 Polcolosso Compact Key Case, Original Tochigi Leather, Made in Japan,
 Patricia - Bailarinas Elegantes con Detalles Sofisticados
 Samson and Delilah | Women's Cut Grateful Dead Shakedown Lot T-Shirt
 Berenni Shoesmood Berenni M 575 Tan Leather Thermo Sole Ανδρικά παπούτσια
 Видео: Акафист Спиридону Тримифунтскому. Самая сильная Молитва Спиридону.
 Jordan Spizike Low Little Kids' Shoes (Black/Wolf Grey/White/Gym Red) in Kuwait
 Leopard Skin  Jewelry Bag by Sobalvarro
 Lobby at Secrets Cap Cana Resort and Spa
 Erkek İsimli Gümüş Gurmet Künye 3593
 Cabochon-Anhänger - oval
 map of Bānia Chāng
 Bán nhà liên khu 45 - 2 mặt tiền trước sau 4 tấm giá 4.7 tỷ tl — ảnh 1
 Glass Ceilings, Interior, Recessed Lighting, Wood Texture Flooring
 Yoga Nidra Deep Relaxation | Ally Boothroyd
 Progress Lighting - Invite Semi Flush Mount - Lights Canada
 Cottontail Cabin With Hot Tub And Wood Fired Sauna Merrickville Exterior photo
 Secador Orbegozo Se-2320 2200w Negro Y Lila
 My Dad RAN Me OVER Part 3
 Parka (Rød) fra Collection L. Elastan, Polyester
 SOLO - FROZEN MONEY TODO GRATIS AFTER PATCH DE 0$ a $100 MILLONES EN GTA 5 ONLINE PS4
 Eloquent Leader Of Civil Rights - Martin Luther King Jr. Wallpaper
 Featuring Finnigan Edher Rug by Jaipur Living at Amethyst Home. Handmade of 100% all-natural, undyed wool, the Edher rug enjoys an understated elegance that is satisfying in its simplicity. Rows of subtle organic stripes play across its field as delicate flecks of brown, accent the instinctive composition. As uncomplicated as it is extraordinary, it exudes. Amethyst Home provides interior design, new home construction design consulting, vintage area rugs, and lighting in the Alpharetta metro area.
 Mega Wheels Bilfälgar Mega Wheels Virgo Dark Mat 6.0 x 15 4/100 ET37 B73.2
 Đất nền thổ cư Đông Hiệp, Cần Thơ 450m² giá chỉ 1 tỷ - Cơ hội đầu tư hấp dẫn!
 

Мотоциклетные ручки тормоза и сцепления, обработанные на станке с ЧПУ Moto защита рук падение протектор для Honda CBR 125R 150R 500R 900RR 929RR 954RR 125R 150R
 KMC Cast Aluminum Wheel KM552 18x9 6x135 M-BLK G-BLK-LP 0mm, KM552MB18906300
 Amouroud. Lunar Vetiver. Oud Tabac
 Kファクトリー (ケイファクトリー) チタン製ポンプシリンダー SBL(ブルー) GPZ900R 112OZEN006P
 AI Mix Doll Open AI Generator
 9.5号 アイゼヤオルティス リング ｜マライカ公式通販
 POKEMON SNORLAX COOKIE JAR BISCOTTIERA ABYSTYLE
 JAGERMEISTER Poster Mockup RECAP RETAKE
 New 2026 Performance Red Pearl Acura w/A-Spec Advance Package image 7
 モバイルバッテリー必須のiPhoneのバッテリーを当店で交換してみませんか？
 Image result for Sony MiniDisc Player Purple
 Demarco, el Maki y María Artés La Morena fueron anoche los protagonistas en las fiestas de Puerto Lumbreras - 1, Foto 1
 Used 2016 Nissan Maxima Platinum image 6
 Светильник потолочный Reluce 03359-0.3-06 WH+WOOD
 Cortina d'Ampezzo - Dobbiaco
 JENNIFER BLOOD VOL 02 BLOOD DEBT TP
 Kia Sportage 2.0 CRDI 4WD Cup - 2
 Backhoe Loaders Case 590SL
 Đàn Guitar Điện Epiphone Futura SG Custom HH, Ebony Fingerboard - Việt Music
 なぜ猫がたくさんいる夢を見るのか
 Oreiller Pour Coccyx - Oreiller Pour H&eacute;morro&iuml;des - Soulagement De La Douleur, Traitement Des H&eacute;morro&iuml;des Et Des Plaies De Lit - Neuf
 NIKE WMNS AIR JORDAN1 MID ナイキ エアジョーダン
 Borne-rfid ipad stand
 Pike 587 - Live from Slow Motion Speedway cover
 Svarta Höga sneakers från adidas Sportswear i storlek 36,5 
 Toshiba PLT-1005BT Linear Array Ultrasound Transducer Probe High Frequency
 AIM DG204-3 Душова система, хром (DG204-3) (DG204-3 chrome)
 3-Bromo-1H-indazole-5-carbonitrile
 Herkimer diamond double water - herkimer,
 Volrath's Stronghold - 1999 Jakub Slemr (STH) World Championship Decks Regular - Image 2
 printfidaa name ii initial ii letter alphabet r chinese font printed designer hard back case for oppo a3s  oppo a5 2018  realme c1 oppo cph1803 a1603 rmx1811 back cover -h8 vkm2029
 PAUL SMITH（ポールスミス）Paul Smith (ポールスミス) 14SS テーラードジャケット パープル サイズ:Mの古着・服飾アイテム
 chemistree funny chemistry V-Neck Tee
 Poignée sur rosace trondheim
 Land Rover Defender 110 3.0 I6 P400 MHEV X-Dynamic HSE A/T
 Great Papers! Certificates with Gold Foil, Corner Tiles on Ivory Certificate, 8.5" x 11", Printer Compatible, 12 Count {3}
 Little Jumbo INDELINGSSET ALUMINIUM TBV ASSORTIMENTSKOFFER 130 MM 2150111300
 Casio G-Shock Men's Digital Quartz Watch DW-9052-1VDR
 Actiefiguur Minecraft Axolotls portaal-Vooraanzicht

### Work to complete
Print only these lines, please. They run from the start of the entries above to the line containing "Eloquent Leader Of", both ends included, and must match exactly.

### Response area
 Polcolosso Compact Key Case, Original Tochigi Leather, Made in Japan,
 Patricia - Bailarinas Elegantes con Detalles Sofisticados
 Samson and Delilah | Women's Cut Grateful Dead Shakedown Lot T-Shirt
 Berenni Shoesmood Berenni M 575 Tan Leather Thermo Sole Ανδρικά παπούτσια
 Видео: Акафист Спиридону Тримифунтскому. Самая сильная Молитва Спиридону.
 Jordan Spizike Low Little Kids' Shoes (Black/Wolf Grey/White/Gym Red) in Kuwait
 Leopard Skin  Jewelry Bag by Sobalvarro
 Lobby at Secrets Cap Cana Resort and Spa
 Erkek İsimli Gümüş Gurmet Künye 3593
 Cabochon-Anhänger - oval
 map of Bānia Chāng
 Bán nhà liên khu 45 - 2 mặt tiền trước sau 4 tấm giá 4.7 tỷ tl — ảnh 1
 Glass Ceilings, Interior, Recessed Lighting, Wood Texture Flooring
 Yoga Nidra Deep Relaxation | Ally Boothroyd
 Progress Lighting - Invite Semi Flush Mount - Lights Canada
 Cottontail Cabin With Hot Tub And Wood Fired Sauna Merrickville Exterior photo
 Secador Orbegozo Se-2320 2200w Negro Y Lila
 My Dad RAN Me OVER Part 3
 Parka (Rød) fra Collection L. Elastan, Polyester
 SOLO - FROZEN MONEY TODO GRATIS AFTER PATCH DE 0$ a $100 MILLONES EN GTA 5 ONLINE PS4
 Eloquent Leader Of Civil Rights - Martin Luther King Jr. Wallpaper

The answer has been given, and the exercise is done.